── PROVIDED MATERIAL ──

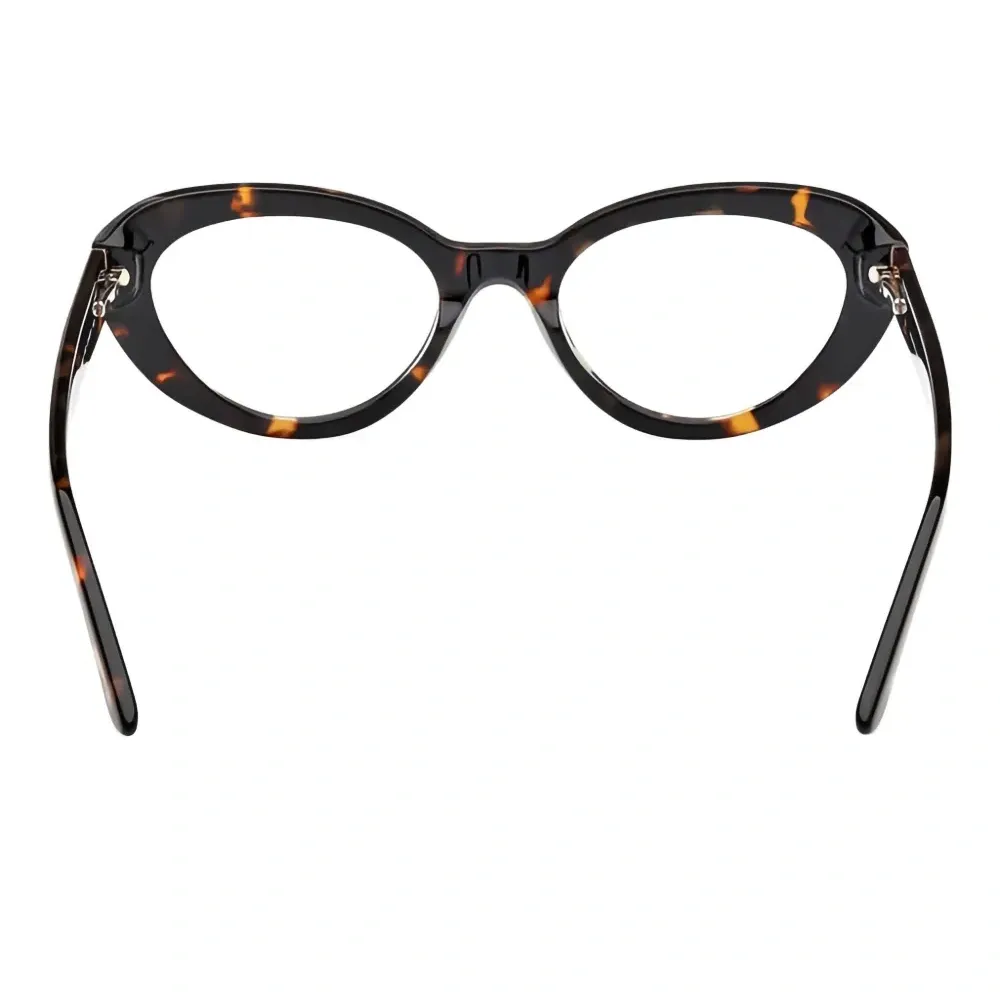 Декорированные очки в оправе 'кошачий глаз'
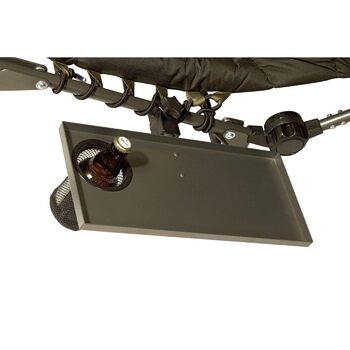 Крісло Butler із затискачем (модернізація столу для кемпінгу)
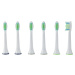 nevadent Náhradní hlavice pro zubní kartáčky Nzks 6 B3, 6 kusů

───

When you reach the line that contains "Крісло Butler із", start copying the listing word for word and stop only after its last line, without any pictures.

ANSWER TO THIS EXERCISE:
 Крісло Butler із затискачем (модернізація столу для кемпінгу)
 nevadent Náhradní hlavice pro zubní kartáčky Nzks 6 B3, 6 kusů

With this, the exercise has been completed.